An interesting picture is beginning to emerge which suggests that the subjective satisfaction scores given by schemes in relation to their consultant may be inversely related to the value delivered through default solution design (2011 DCisions default design)
I’ve been reading about the work my old colleagues have been doing for one of their clients. The crux of their argument is that..
My (former) colleagues believe that employees cannot bear to see their pension savings rise and fall on the choppy, nay stormy rollercoaster of the investment markets. Appalled by the impact of a bad year they suggest.
A member who experiences a significant fall in fund value is much more reluctant to put additional savings into a pension scheme. Protection against the downside therefore helps to encourage saving throughout a career.

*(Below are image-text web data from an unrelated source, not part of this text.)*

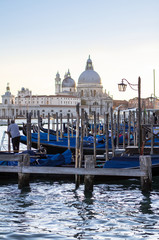 Santa Maria della Salute basilica with gondolas on the Grand canal in Venice, Italy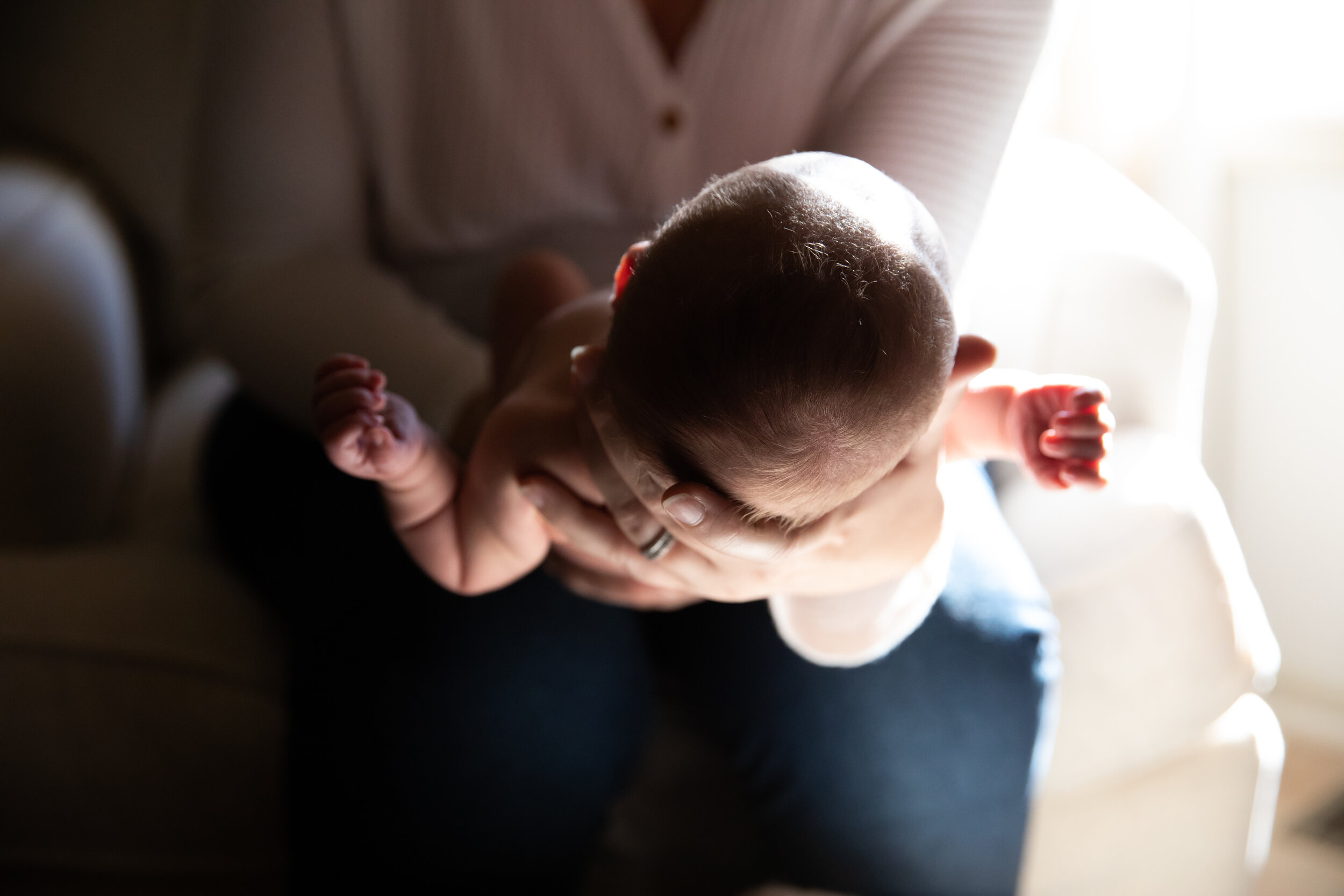 Father holds baby during at home newborn photos in Liberty, MO.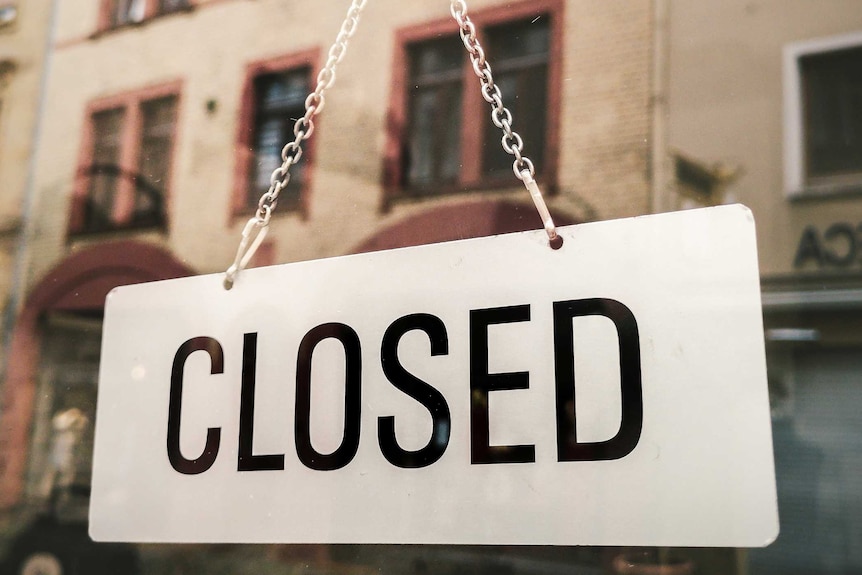 A white "closed" sign hangs on the window of a shop.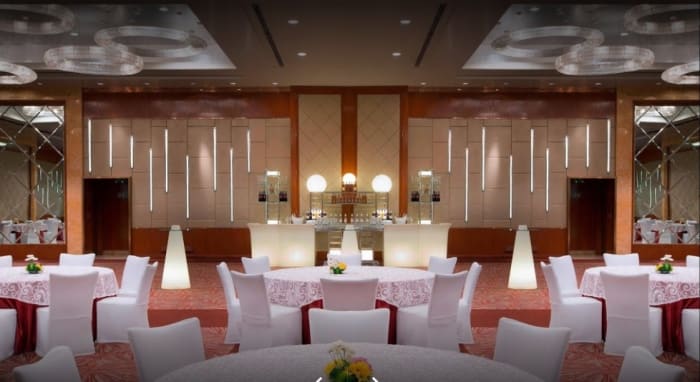 Sheraton Grand Bangalore Brigade Gateway sangeet stage with lights and drapes — Panigrahana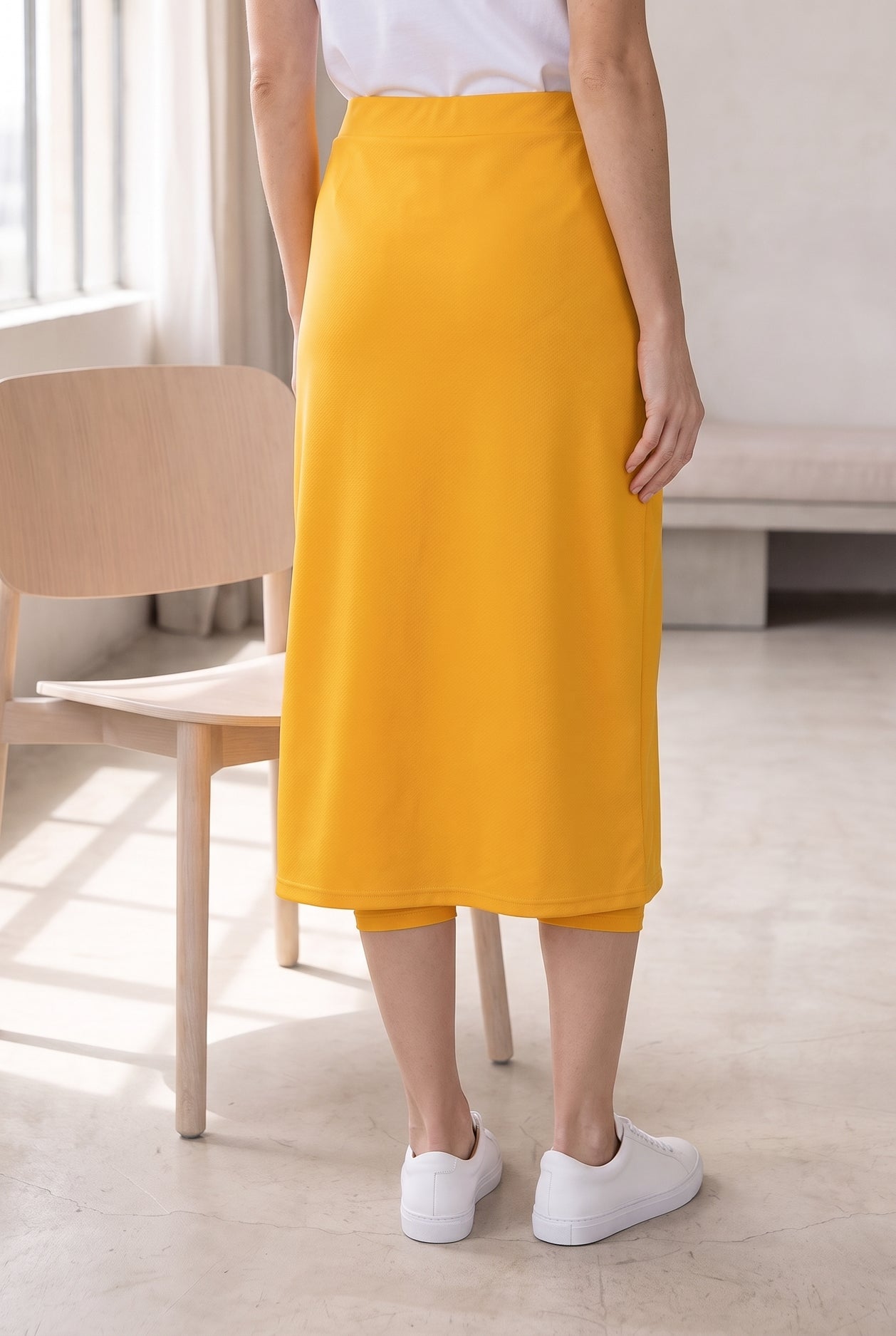 Model wearing Nuggles®  31" Sport Skirt in Gold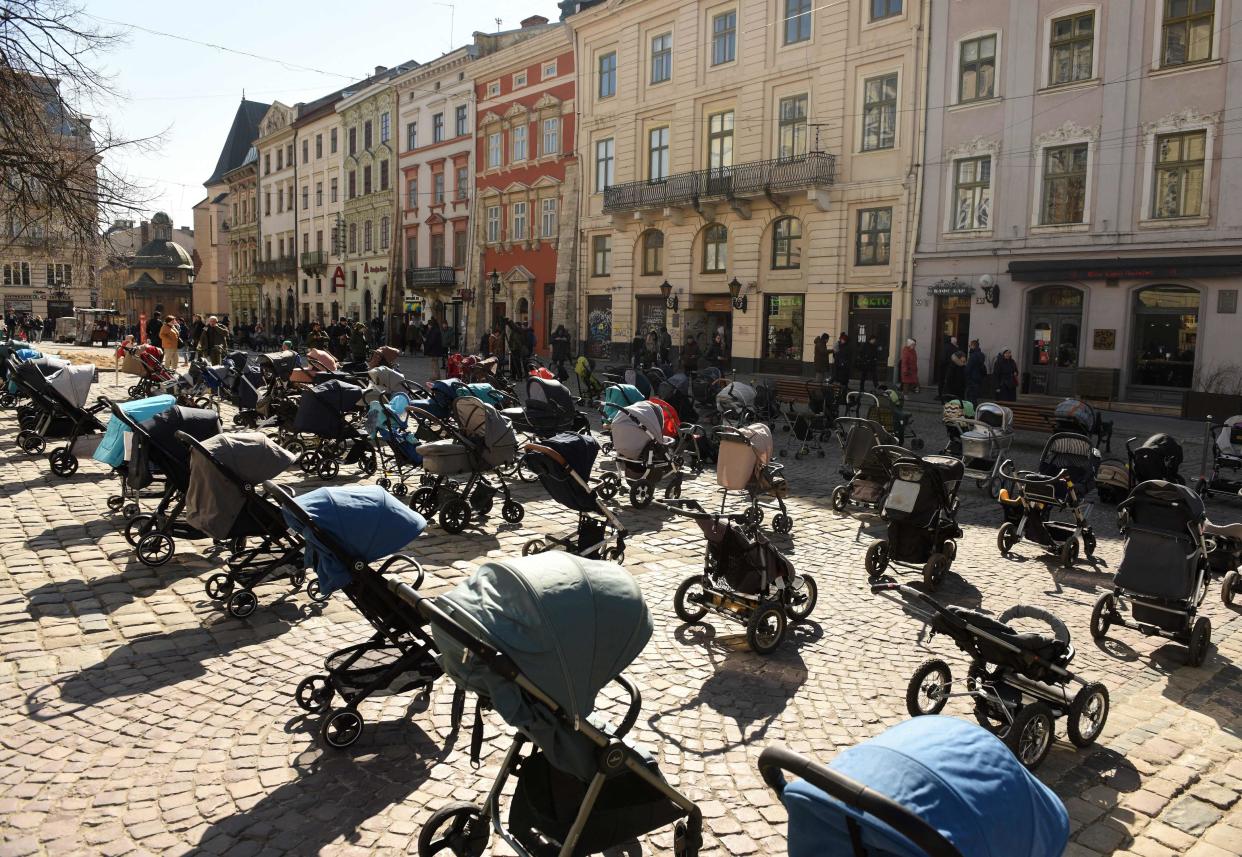 109 empty strollers placed outside the Lviv city council on March 18, 2022 commemorate the number of children killed in Russia's ongoing invasion of Ukraine.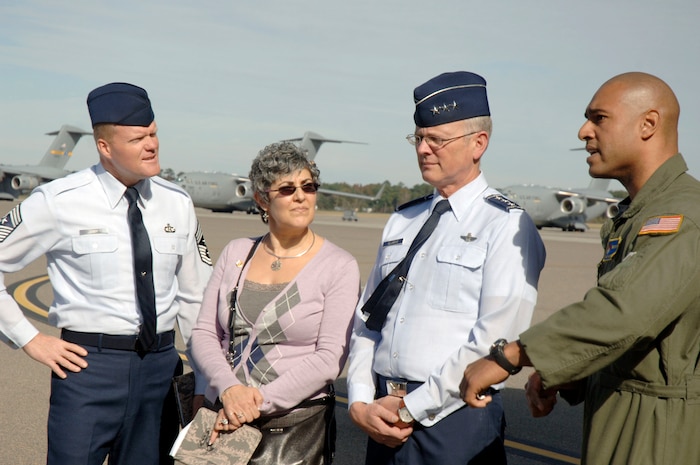 Lt. Gen. Robert Allardice, center right, Mrs. Susan Allardice, center left, and Chief Master Sgt. James Cody, left, receive a briefing on Raven tactics and procedures from Tech. Sgt. Tony Frese, right, on the flightline here Nov 30.  General Allardice stopped at Charleston AFB for a two-day visit during his tour of the bases within his command. General Allardice is the 18th Air Force commander and Susan is his wife. Chief Cody is the 18th Air Force command chief. Sergeant Frese is assigned to the 437th Security Forces Squadron. (U.S. Air Force photo/Staff Sgt. Marie Brown)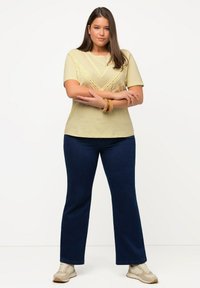 T-shirt giallo chiaro a maniche corte con un design testurizzato a V; abbinato a jeans svasati blu scuro e sneakers beige. Tessuto morbido.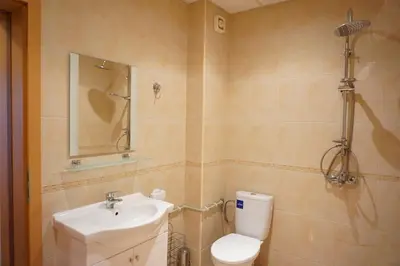 a bathroom with a white toilet and a sink at Oasis Beach Apartments Kamchia in Kamchia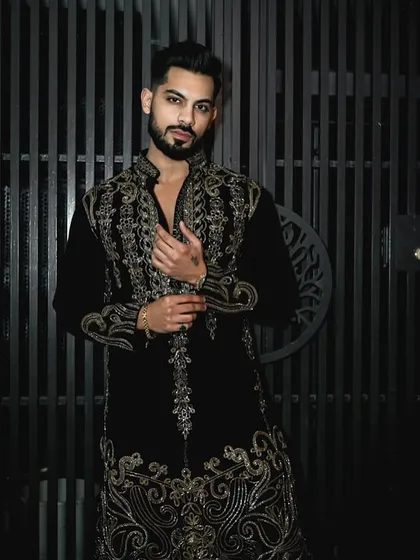 This black velvet kurta set is made for sophisticated celebrations. The exquisite gold handwork glistens with every movement, and the luxurious fabric drapes beautifully, ensuring you are the center of attention at any festive event.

There is no empirical evidence to suggest that members pack in saving because they’ve seen their savings fall. This is the fantasy of a cod behavioural psychologist whose opinion of the member could most kindly be referred to as “benevolently paternalistic” or at worst “bloody patronising”. This is General Melchett stuff.
What does this patronising drivel translate itself into?
It turns out that the Default Solution on offer caps out the worst and best outcomes so that members experience a smooth journey to retirement. This mantra of smoothing is hard-coded into actuarial thinking from “with-profits” through DC-banking” and now onto Diversified Growth Funds.
There is a downside to all this – “No free lunch ” as they would have it, but it’s not the loss of the peaks in exchange for the loss of the troughs. The downside of the super complex Diversified Growth Fund delivered to Trustees on an insured platform wrapped in a white-labelled fund wrapper is FEES!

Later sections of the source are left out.